My first counselor who tried to help me with my sex addiction said, when pushed, that he thought the condition was, on one level, idolatry. That makes sense. Any addiction is putting something, something that might not be bad in and of itself, in the place too high and too important--where really only God should be.
To Be Worshipped
But sex addiction touches on other imagery relating to worship. The fantasy of Her wanting you, so much that she doesn't care who sees you do it. Her not being able to stop herself, that sounds like someone worshipping you. Her on her knees beholding your glory, seems very worshipful. Wasn't that Lucifer's sin, to want to be worshipped? Pride is our insecurity overcompensating. I fear deep down that I'm a fraud, worthless and about to be found out and exposed at any moment.
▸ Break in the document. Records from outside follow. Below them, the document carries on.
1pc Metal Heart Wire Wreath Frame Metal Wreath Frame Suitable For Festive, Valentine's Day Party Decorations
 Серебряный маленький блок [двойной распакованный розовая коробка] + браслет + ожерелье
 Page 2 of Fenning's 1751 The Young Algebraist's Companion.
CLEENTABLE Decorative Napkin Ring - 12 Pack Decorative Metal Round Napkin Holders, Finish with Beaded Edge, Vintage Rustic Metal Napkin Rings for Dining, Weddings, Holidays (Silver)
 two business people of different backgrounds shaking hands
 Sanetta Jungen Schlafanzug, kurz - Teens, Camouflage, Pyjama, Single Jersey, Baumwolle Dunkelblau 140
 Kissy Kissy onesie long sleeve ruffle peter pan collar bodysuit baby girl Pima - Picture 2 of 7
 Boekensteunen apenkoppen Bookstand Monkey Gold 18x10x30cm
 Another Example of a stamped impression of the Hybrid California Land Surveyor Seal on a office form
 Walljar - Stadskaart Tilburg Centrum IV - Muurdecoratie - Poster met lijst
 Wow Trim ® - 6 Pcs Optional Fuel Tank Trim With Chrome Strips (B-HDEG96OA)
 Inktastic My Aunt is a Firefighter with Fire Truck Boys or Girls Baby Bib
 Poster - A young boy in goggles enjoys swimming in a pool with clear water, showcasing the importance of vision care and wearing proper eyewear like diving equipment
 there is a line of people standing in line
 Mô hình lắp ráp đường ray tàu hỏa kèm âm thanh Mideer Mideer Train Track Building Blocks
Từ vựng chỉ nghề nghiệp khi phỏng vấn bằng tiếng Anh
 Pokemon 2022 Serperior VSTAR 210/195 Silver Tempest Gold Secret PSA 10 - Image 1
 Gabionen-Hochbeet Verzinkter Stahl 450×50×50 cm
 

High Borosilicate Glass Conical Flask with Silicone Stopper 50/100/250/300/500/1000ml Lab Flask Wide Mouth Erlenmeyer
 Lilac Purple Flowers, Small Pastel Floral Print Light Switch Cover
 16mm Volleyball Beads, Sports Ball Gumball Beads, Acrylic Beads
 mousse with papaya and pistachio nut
To come back hard and strong in the opposite way is saying, "Look at me roar, I am a God!" The truth is that we don't need to be ashamed. He has given us value and there's nothing to be afraid, not least the lair of liars who tries to trick us into falling for the shame game.
Worshipping Her
I think I've written before about the image of the perfect woman, the Venus, the perfect beauty, perfect sensual creature. That's worshipping the female form, rather than the creative Creator and talented artist who sculpted her. That's another easy mistake we can make. Worshipping the awesome sunset or sunrise, instead of Him who crafted those things. The crowning glory of all His creation is you--the one with the ability to think for yourself, choose whether to relate to Him or not, as well as make your own awesome creations. I have wondered for a while why the traditional marriage vows say, "with my body I worship thee". How's that fit in all this?